From the side, it was a right triangle–the 90 degree bend was on the lower right, the two 45 degree angles were the awning itself. The canvas was very heavy and thick–I always thought it was made from leftover tent stock from the war. One person could not carry the front awning, it was well over 50 pounds. The top of the awning hung on the roof with a series of hook-and-eye pegs that had to turned with a pliers to lock the canvas in. Pipes went into tunnels for the front, and twin lead pipes screwed into the ends of the large pipe (these two pipes pushed the awning away from the porch.
I think I could just blog about the many ways that this became an exercise in futile insanity.
The pipes were made of lead. This was a leftover from pre-war, when lead was considered a great way to carry water…….after all, lead was so strong even Superman couldn’t see through it. Lead poisoning? Are you crazy? Lead was safe.
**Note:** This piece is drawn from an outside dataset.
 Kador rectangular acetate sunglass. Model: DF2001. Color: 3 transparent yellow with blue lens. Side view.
This means that the long 25 feet) front pipe could be carried alone. Mom and dad did it until I was around 10, when I could at least stand and hold the canvas out so dad could thread the pole through the various sleeves. I wanted to be the one on the roof who secured the canvas with the pegs, but that didn’t start until I was in high school and daddy’s weight began dragging him down.
Screwing the side pipes was insane. One person had to hold the now-50+ pounds of canvas + pipe, while the other one grabbed the 10 pound small pole and tried to push it/thread it into the front pole. Without fail, I was screamed at every spring for some perceived sin, like not being strong enough or not paying attention to his every grunt and mutter.
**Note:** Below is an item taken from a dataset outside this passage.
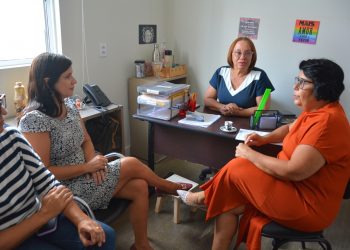 Promotora de Justiça visita CRMQ e reforça rede de proteção à mulher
So I get sent in the house. But I knew what was coming; I’d seen this movie hundreds of times. Mom comes out, tries to help, she’s useless as a parasol in a tsunami. So he comes in, screams some more, and out I go.
During high school, I would do the two smaller awnings myself, and eventually he gave up doing teh front awning and by then, he stopped leaving the house completely except for work.
In summer, the whole block had awnings. In retrospect, it was wacky–you couldn’t see any porches. There could be 6 people sitting there and you couldn’t tell. The only way you’d see anything was by walking slowly past and focusing. When our shrubs grew, you literally could not see a thing on the porch without walking right up to the front steps. Gee, do you think that was a subliminal message? (“Go away, we’re not interested”)
At times, it was eerie to ride your bike in the summer scorch–not a soul outside and any noise you heard was muffled and vague ’cause everyone’s awnings disguised what was going on.